Borghede G, Sullivan M
Department of Oncology, Sahlgrenska University Hospital, Göteborg, Sweden.
Qual Life Res. 1996 Apr;5(2):212-22. doi: 10.1007/BF00434743.
The purpose of this study was to construct a multidimensional self-administered quality of life questionnaire specific to prostate cancer within the EORTC framework and to test its applicability, clinical relevance and psychometry. A proposed prostate cancer-specific module and the standardized EORTC QLQ-C30 version 1.0 were tested in 192 post-irradiated patients. Psychometric analyses comprised item convergent and discriminant validity for scaling success, analysis of the internal consistency of the multi-item scales and the validity of the scales. The clinical relevance was explored by correlation analysis including disease and treatment related parameters. The minimum psychometric criteria were met. The measurements revealed problem areas in sexuality with a mean score of 54 (SD = 33) on a 0-100 scale, and in bowel functioning, scoring 25 on average (SD = 17). Urinary complaints only reached a mean score of 6 (SD = 19). Compared to earlier measurements on untreated or irradiated localized cancer patients using the same core questionnaire, the physical and psychological scales showed higher values and the symptom scales lower symptom burden. The constructed questionnaire seems applicable and clinically relevant. The psychometric analysis revealed a few items to be revised. Patients with localized prostatic carcinoma treated with radiotherapy have a high quality of life compared to patients with localized cancer of other origin.

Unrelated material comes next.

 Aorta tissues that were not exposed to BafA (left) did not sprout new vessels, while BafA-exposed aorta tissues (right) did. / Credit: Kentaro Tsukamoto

本研究的目的是在欧洲癌症研究与治疗组织(EORTC)框架内构建一份针对前列腺癌的多维自我管理生活质量问卷,并测试其适用性、临床相关性和心理测量学特性。在192名接受放疗后的患者中对一个提议的前列腺癌特异性模块和标准化的EORTC QLQ-C30第1.0版进行了测试。心理测量学分析包括用于评估量表编制成功与否的项目收敛效度和区分效度、多项目量表的内部一致性分析以及量表的效度分析。通过包括疾病和治疗相关参数的相关性分析来探索临床相关性。满足了最低心理测量学标准。测量结果显示,在0至100分的量表上,性功能方面存在问题区域,平均得分为54分(标准差=33),肠道功能方面平均得分为25分(标准差=17)。泌尿系统症状的平均得分仅为6分(标准差=19)。与使用相同核心问卷对未治疗或接受放疗的局限性癌症患者进行的早期测量相比,身体和心理量表显示出更高的值,症状量表显示出更低的症状负担。所构建的问卷似乎具有适用性和临床相关性。心理测量学分析显示有几个项目需要修订。与其他来源的局限性癌症患者相比,接受放疗的局限性前列腺癌患者生活质量较高。